New York's Dow industrials gained 40.59 points to 17,652.79, the Nasdaq rose 5.01 points to 4,680.14 and the S&P 500 index was 1.08 points higher at 2,039.33.
The energy sector was the leading TSX decliner, down 2.9 per cent as crude oil prices fell $2.97 to US$74.21 a barrel.
The latest drop came as the U.S. Energy Information Administration said U.S. oil supplies decreased 1.7 million barrels last week, much more than the 500,000 barrel drop that analysts had expected. However, gasoline inventories rose by 1.8 million barrels against an expected 280,000 decrease.
Oil has been trading at or near multi-year lows amid slow economic growth in many regions and increased U.S. production. But many analysts think the move down has been overdone and economic fundamentals suggest oil should be around $90 a barrel. In fact, lower prices could create the conditions that would send crude higher.
"We think North American producers will start scaling back production in a meaningful way," said Alison Mendes, portfolio manager at Manulife Asset Management. Mendes said falling prices will force marginal producers to stop producing or cut back.

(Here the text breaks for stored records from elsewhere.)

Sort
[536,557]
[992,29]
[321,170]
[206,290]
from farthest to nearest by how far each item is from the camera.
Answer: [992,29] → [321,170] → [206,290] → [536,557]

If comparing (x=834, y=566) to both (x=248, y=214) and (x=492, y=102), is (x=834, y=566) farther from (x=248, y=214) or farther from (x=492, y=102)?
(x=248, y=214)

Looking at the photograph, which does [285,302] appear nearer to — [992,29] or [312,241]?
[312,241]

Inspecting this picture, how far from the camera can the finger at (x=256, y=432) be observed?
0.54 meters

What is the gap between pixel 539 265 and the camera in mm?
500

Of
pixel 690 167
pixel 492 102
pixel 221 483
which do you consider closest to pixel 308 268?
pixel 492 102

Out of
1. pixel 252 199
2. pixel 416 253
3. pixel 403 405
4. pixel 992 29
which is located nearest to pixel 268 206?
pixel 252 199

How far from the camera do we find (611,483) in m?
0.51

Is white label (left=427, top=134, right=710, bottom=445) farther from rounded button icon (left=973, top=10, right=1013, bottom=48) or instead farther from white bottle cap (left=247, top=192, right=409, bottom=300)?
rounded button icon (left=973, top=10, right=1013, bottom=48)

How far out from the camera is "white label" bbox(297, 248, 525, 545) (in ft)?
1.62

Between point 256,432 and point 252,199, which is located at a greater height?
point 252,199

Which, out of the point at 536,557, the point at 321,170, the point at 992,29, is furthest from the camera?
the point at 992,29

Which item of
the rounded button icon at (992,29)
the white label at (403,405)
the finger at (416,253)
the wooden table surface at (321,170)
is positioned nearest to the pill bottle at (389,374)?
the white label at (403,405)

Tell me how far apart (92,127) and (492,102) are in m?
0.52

"We’re going to start seeing the 2015 capital expenditure budgets released over the next couple of weeks and we would not be surprised to see companies announce spending plans flat to down versus 2014. And capital programs at the end of the day have to exist within cash flows."
The gold sector was down about 1.25 per cent even as December bullion in New York rose $2.40 to US$1,161.50 an ounce.

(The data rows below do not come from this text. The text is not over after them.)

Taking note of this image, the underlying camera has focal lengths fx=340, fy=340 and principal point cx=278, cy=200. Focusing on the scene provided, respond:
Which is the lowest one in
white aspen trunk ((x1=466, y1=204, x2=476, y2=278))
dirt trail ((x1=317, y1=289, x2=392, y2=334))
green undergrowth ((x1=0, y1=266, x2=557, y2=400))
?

Gold prices have been under extreme pressure lately, heading steadily towards the US$1,100 mark, amid an end to the U.S. Federal Reserve's latest quantitative easing program, a higher U.S. dollar and low inflation. As a result, gold stocks have also suffered and the TSX gold sector has plunged about 14 per cent in the last month.

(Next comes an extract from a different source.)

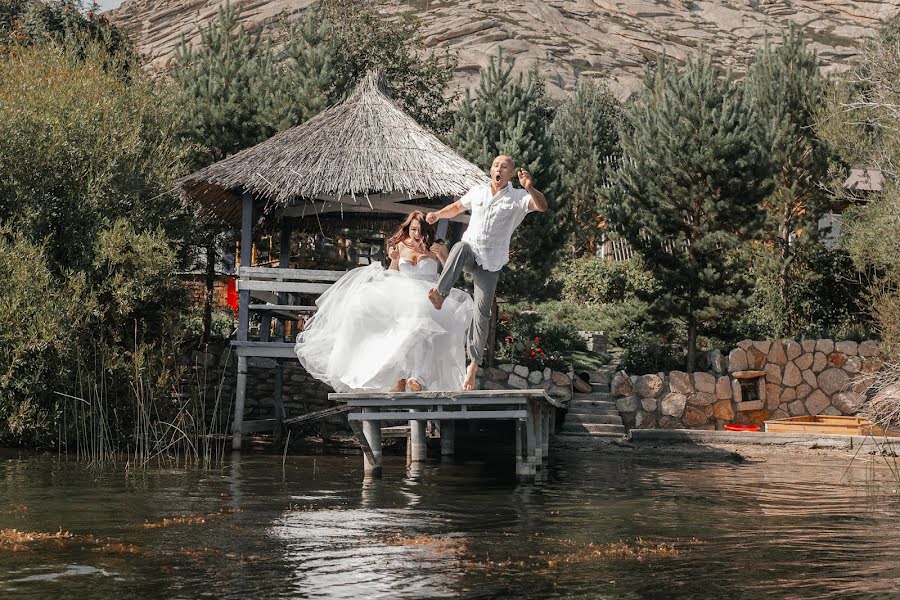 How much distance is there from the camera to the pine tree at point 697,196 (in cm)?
2070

After the close Wednesday, Iamgold Corp. (TXS:IMG) posted a quarterly net loss of US$72.5 million or 19 cents per share, compared with net income of US$25.3 million or seven cents a share a year ago. Revenue rose to US$341.5 million from $293.5 million but the average realized price per ounce fell to US$1,277 from US$1,334. Its shares fell 21 cents or 9.7 per cent to $1.96.
The base metals component dropped 1.2 per cent while December copper was unchanged at US$3.02 a pound.
The tech sector was positive as IT services company CGI Group Inc. (TSX:GIB.A) said that earnings ex-items were $234 million or 73 cents per share — in line with estimates. Revenue was $2.48 billion — up about $25 million from a year earlier but short of the analyst estimate of $2.57 billion. Still, its shares gained $1.09 to $40.55.
BlackBerry (TSX:BB) was ahead 7.7 per cent at $13.74 as the company announced it was partnering with rival smartphone maker Samsung Electronics Co. in an agreement that will see it provide mobile security technology for the Android operating system.
Financials were positive but shares in Manulife Financial (TSX:MFC) were off seven cents to $21.60 as the company reported quarterly core earnings of $755 million or 39 cents, up 7.4 per cent from a year earlier but a penny short of estimates. Manulife's net income was $1.1 billion or 57 cents per share, much higher than the 26 cents that analysts had expected.